ACTIVITY ::
Without including pictures, set down every record exactly as it stands.

THE DATA ::

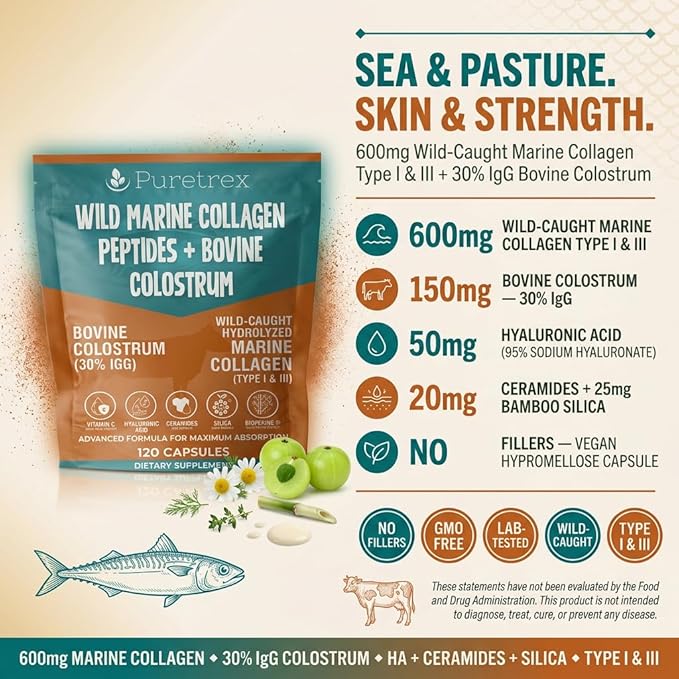 Wild Marine Collagen Peptides with Bovine Colostrum 120 Capsules Advanced Formula for Skin Joints Gut Health Immunity Support GMO-Free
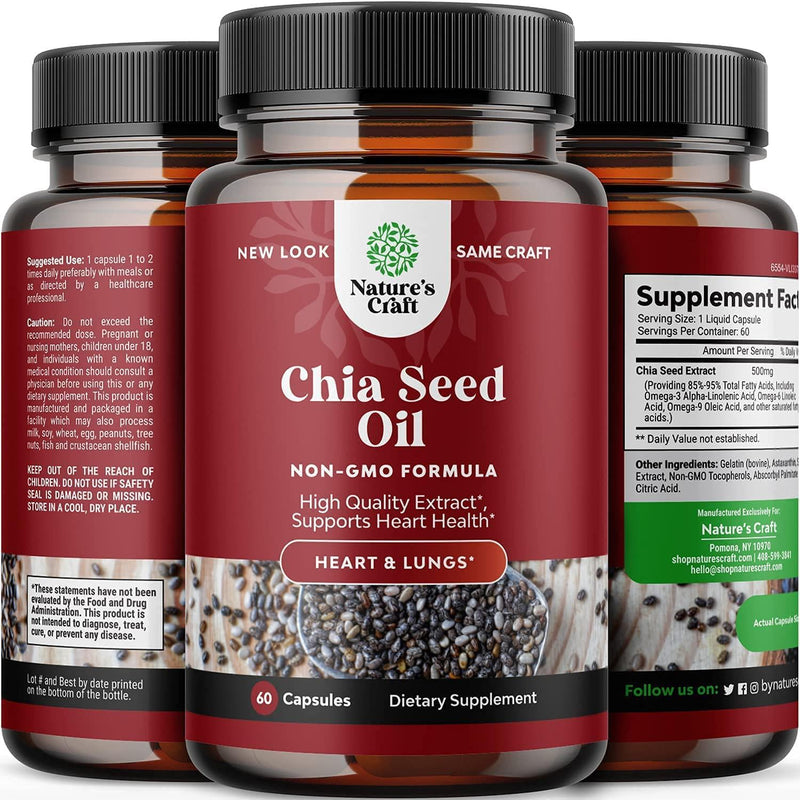 Natures Craft Chia Seed Oil Supplement for Weight Loss and Energy Natural Superfood Protein Metabolism Booster for Men and Women - Tryptophan Antioxidant Vitamins Omega 3 Fatty Acids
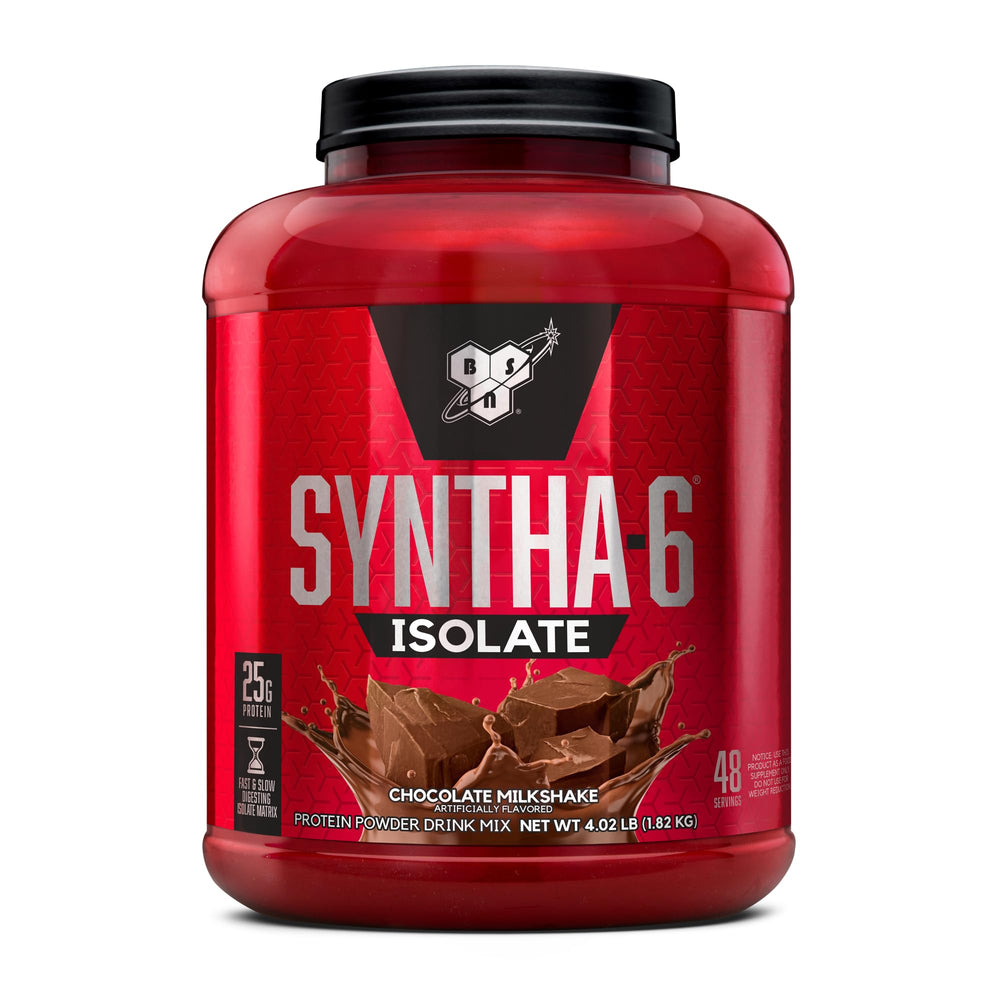BSN SYNTHA-6 ISOLATE chocolate milkshake bottle shows premium protein blend for post-workout fueling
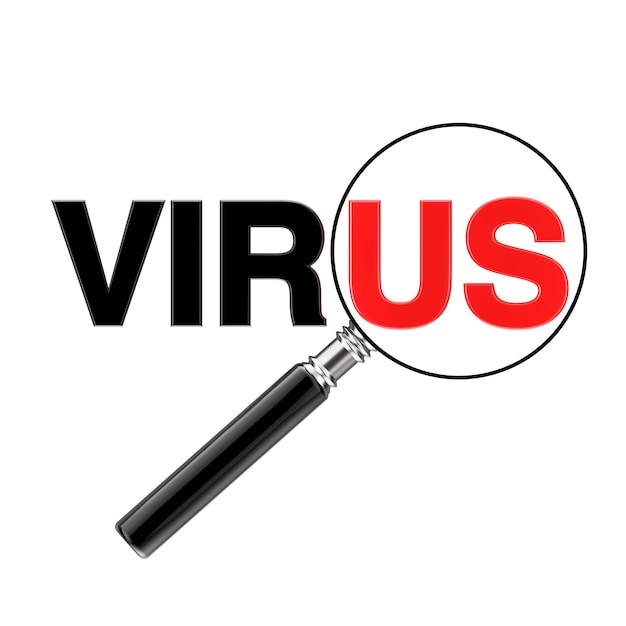 Magnifier Glass Focused on Red Us Sign in Virus Word on a white background. 3d Rendering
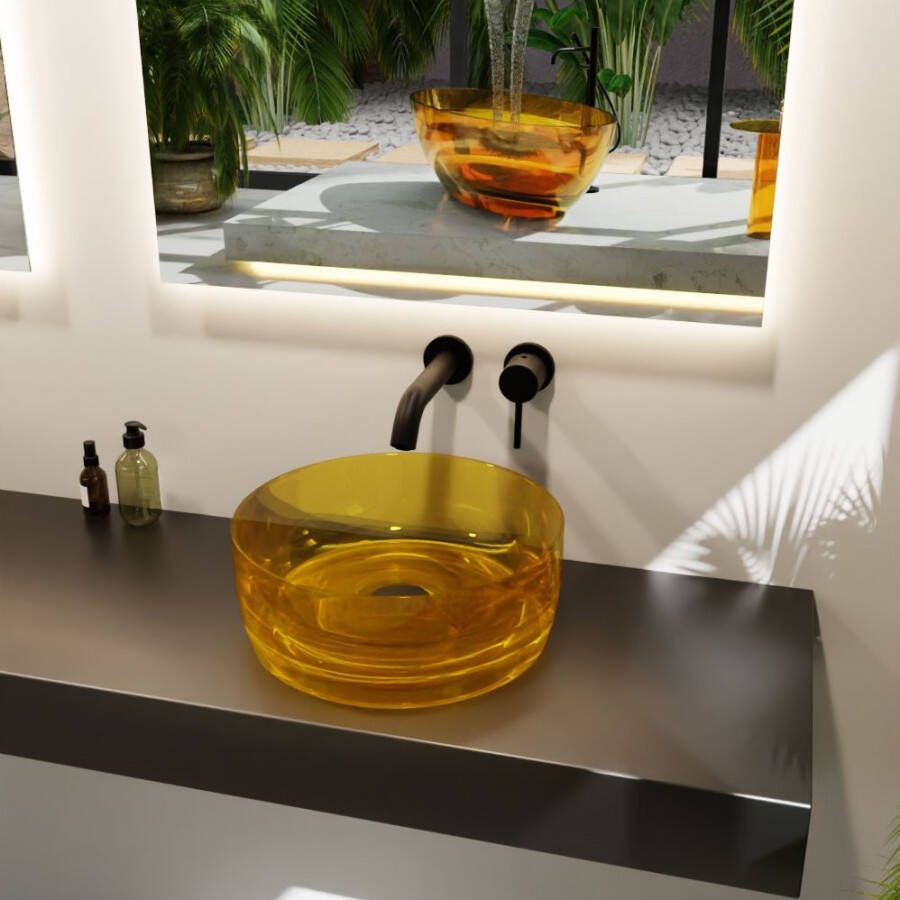 Mondiaz Jewel Waskom 40x15x40 antibacterieel transparant gold M82017Gold - Foto 2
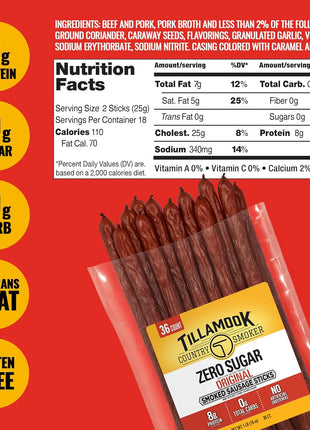 Tillamook Country Smoker Smoked Sausage, Zero Sugar, Original, 16 Ounce (36 Count Meat Sticks Bulk Pack) Real Hardwood Smoked Sausages, Low Carb, High Protein Ready to Eat Keto Snack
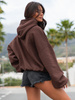 Viralowa Dresowa bawełniana BLUZA z kapturem oversize szeroka brązowa E644
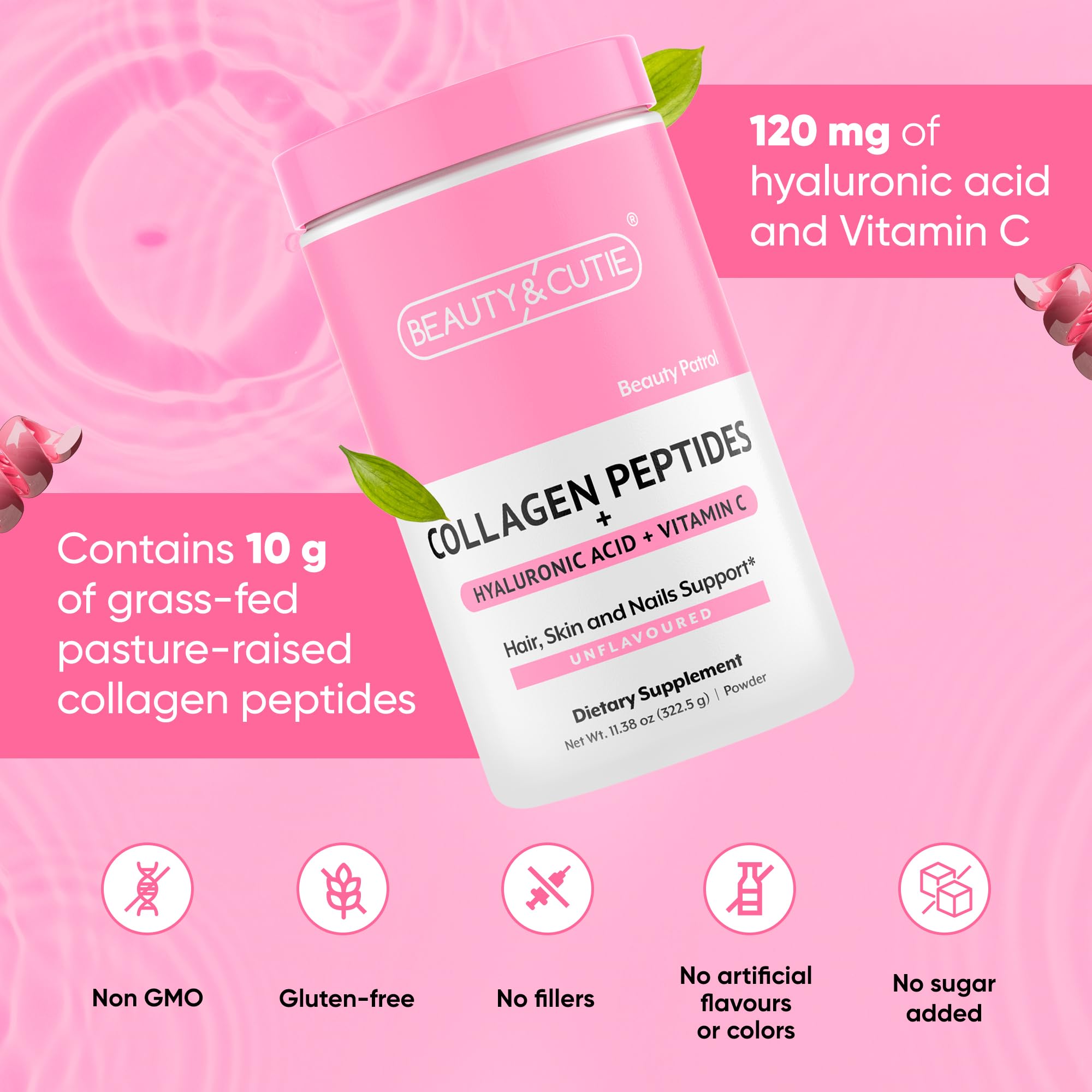 BEAUTY AND CUTIE Collagen Peptides 10g with Hyaluronic Acid 120 mg and Vitamin C Powder, Hair, Skin and Nails Support, Grass Fed, Unflavored, 11.38 oz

EXERCISE RESPONSE ::
 Wild Marine Collagen Peptides with Bovine Colostrum 120 Capsules Advanced Formula for Skin Joints Gut Health Immunity Support GMO-Free
 Natures Craft Chia Seed Oil Supplement for Weight Loss and Energy Natural Superfood Protein Metabolism Booster for Men and Women - Tryptophan Antioxidant Vitamins Omega 3 Fatty Acids
BSN SYNTHA-6 ISOLATE chocolate milkshake bottle shows premium protein blend for post-workout fueling
 Magnifier Glass Focused on Red Us Sign in Virus Word on a white background. 3d Rendering
 Mondiaz Jewel Waskom 40x15x40 antibacterieel transparant gold M82017Gold - Foto 2
 Tillamook Country Smoker Smoked Sausage, Zero Sugar, Original, 16 Ounce (36 Count Meat Sticks Bulk Pack) Real Hardwood Smoked Sausages, Low Carb, High Protein Ready to Eat Keto Snack
 Viralowa Dresowa bawełniana BLUZA z kapturem oversize szeroka brązowa E644
 BEAUTY AND CUTIE Collagen Peptides 10g with Hyaluronic Acid 120 mg and Vitamin C Powder, Hair, Skin and Nails Support, Grass Fed, Unflavored, 11.38 oz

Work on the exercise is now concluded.